The jury returned a verdict in favor of the City. Du Jardin moved for a new trial based on prejudicial misconduct of defense counsel during closing argument. The trial court denied the motion, but the appellate court reversed, finding that, “Counsel has appealed directly to the jurors’ personal passions and prejudices.” (Id. at p. 179.)

We conclude, as did the trial court here, that District counsel’s comments that Ramirez was seeking a “taxpayer bailout” are as deliberate an attempt to “appeal to the social or economic prejudices of the jury” as were the counsel’s comments in Du Jardin, and are as prejudicial. While the appellate court in Du Jardin focused on counsel’s appeal to the possible loss of public services that would result from any award coming directly from the school district’s budget, the court was also very clear that “Argument which has no relevance to issues in a case and which is a transparent attempt to appeal to jurors’ emotions is clearly misconduct.” (Id. at pp. 179-180.) The subject of taxpayer bailouts has absolutely no relevance to whether Ramirez was injured by any failure by the District to remove mud from its sidewalk and, in our view, could only be an attempt to appeal to the jurors’ emotions.

There is a major difference between Du Jardin and the present case that weighs greatly in Ramirez’s favor. In Du Jardin, the appellate court found that the trial court had abused its discretion in denying the motion for new trial based on attorney misconduct. To the contrary, here the District has the burden to establish that the trial court abused its discretion in granting the same motion under somewhat similar facts. Whether this panel of this appellate court would have come to the same conclusion as the trial court here is not the standard. Rather, the District must convince this panel that the trial court acted irrationally and without any basis in the law when it found the argument by the District’s counsel to be prejudicial misconduct.

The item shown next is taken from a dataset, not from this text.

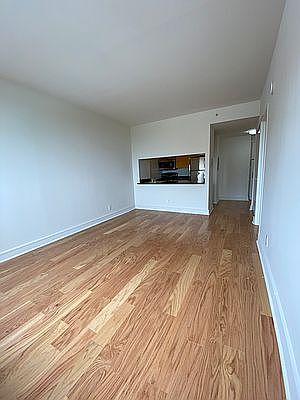4th image of 323 W 96th St APT 1007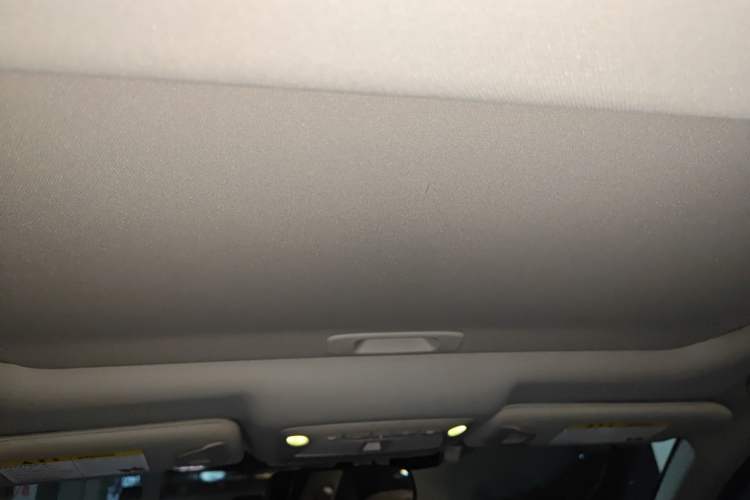 Used Infiniti Q50L 2018 2.0T Comfort Edition China VI Standard Headliner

Further, the trial court in Du Jardin sustained one of plaintiff counsel’s objections to defense counsel’s comments, whereas here the trial court overruled the objection of Ramirez’s counsel and specifically allowed the jury to consider the comments of District’s counsel that “Ms. Ramirez is asking you to give her a taxpayer bailout.” This makes the District’s argument on appeal somewhat weaker than the City’s in Du Jardin, in that the jury here went into its deliberations without hearing that it should not consider “who pays for what” (Du Jardin, supra, 38 Cal.App.4that p. 178), that is, whether the District would be spending taxpayer money to pay Ramirez’s claim that would reduce the amount available for education.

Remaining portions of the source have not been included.